Persoalan ini menjadi perhatian karena sebelumnya terdapat sorotan mengenai dugaan aktivitas ilegal di wilayah Kepulauan Mentawai, termasuk dugaan penyalahgunaan BBM subsidi dan aktivitas galian C. Namun, seluruh dugaan tersebut harus dibuktikan melalui proses hukum maupun pemeriksaan yang dapat dipertanggungjawabkan. Fakta yang telah terverifikasi harus tetap dipisahkan dari informasi yang masih berupa dugaan.

Dalam konteks BBM subsidi, UU Nomor 22 Tahun 2001 tentang Minyak dan Gas Bumi mengatur larangan dan ketentuan pidana terkait penyalahgunaan pengangkutan dan/atau niaga BBM yang disubsidi Pemerintah. Ketentuan tersebut menjadi salah satu dasar hukum dalam melihat dugaan penyimpangan distribusi BBM, tetapi penerapannya tetap memerlukan pembuktian terhadap unsur-unsur perbuatan berdasarkan bukti yang sah.

Ketegasan Kapolda Sumbar juga diarahkan kepada internal institusi. Dalam keterangannya sebelumnya, Irjen Pol. Djati Wibowo menegaskan, “Saya akan tindak oknum Polri yang coba-coba terlibat langsung/tidak langsung.” Sikap tersebut menegaskan bahwa apabila pemeriksaan menemukan bukti keterlibatan personel Polri, tindak lanjut harus dilakukan sesuai ketentuan hukum, disiplin maupun kode etik yang berlaku.

Di sisi lain, roda pelayanan kepolisian di Kepulauan Mentawai tetap harus berjalan. Penunjukan Plt Kapolres memastikan fungsi organisasi dan pelayanan kepada masyarakat tidak terganggu selama proses pemeriksaan berlangsung. Pada saat yang sama, proses Propam diharapkan berjalan objektif sehingga setiap keterangan dan bukti dapat diuji secara proporsional.

Bagi masyarakat, inti persoalannya kini berada pada hasil pemeriksaan. Pengaduan harus memperoleh tindak lanjut, saksi harus diperiksa secara profesional, dan setiap kesimpulan harus dibangun berdasarkan bukti. Prinsip tersebut penting agar penegakan disiplin dan etik di tubuh Polri tidak berhenti pada pergantian sementara jabatan, tetapi menghasilkan kejelasan mengenai substansi persoalan yang diadukan.

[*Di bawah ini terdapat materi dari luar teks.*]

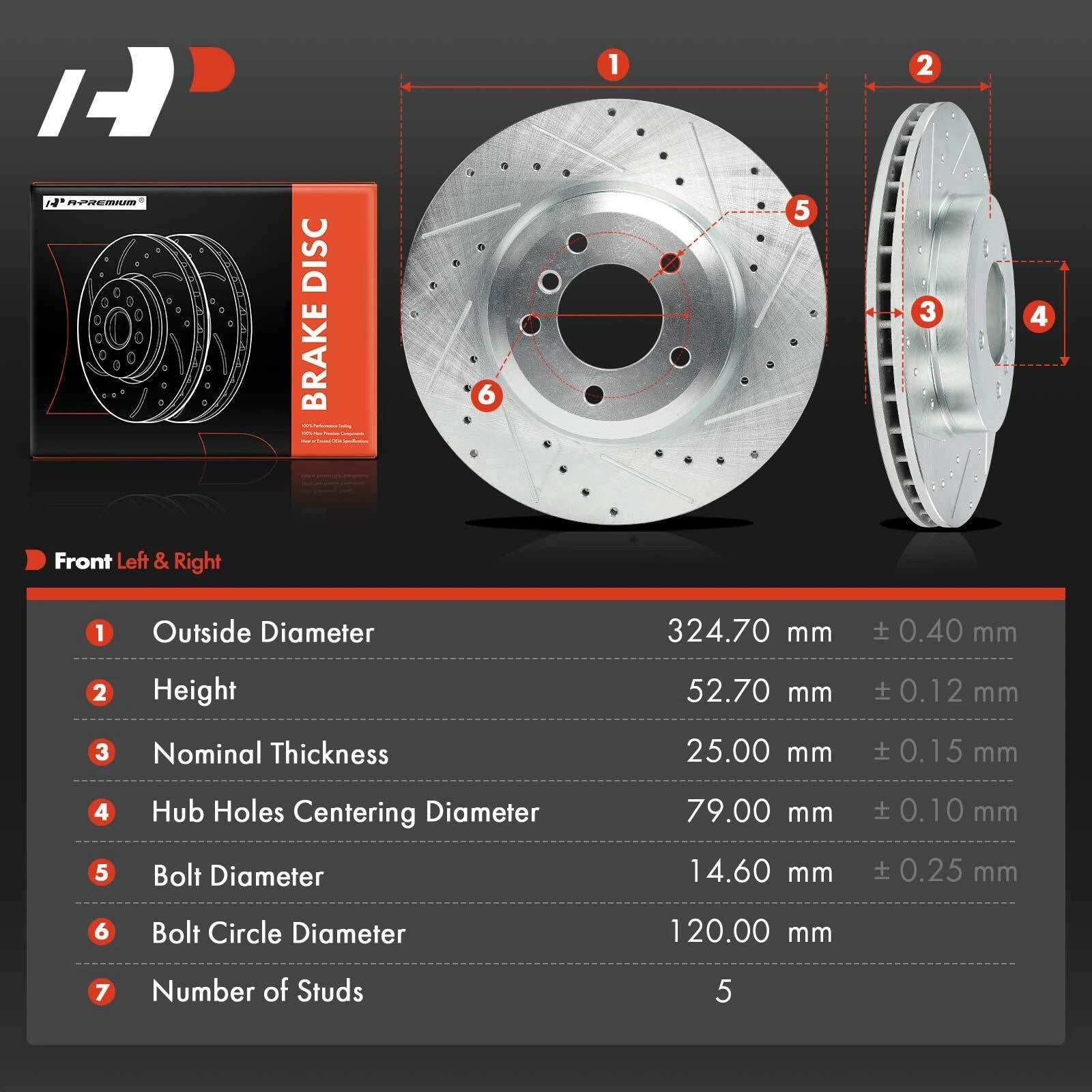 Drilled Brake Rotors for BMW 330i 330Ci (2001–2006)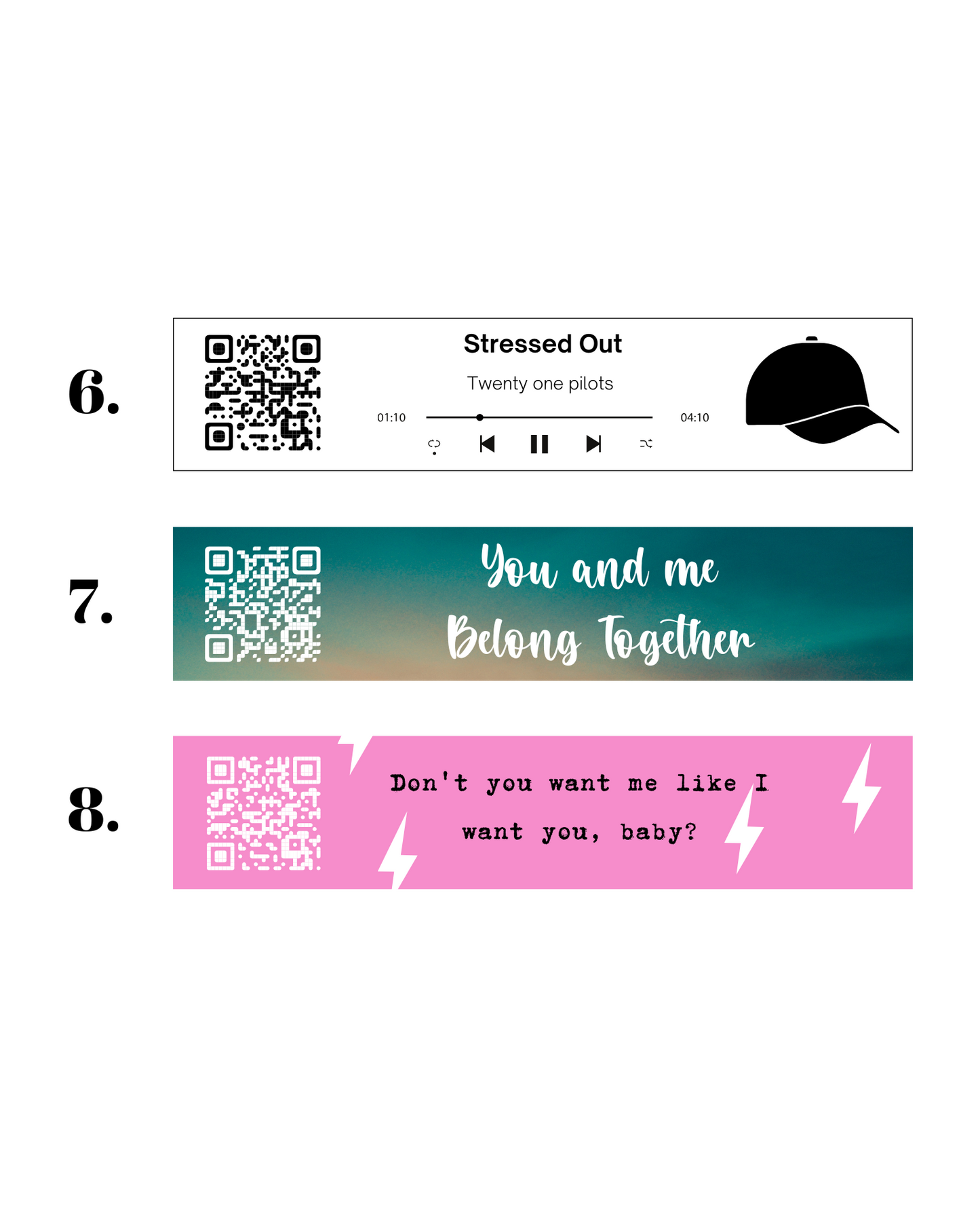 A șasea, a șaptea și a opta etichetă la alegere pentru lumânarea Kiskedves „Melodică”, cu cod QR.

Berita ini menempatkan pengaduan dan pemeriksaan sebagai proses yang masih berjalan. Penunjukan Plt Kapolres Mentawai sebagaimana disampaikan Kapolda Sumbar merupakan langkah untuk memfokuskan pemeriksaan dan bukan kesimpulan bahwa pihak yang diperiksa telah terbukti melakukan pelanggaran. Setiap pihak yang disebut memiliki hak klarifikasi dan hak jawab sesuai UU No. 40 Tahun 1999 tentang Pers dan Kode Etik Jurnalistik. Polri untuk masyarakat.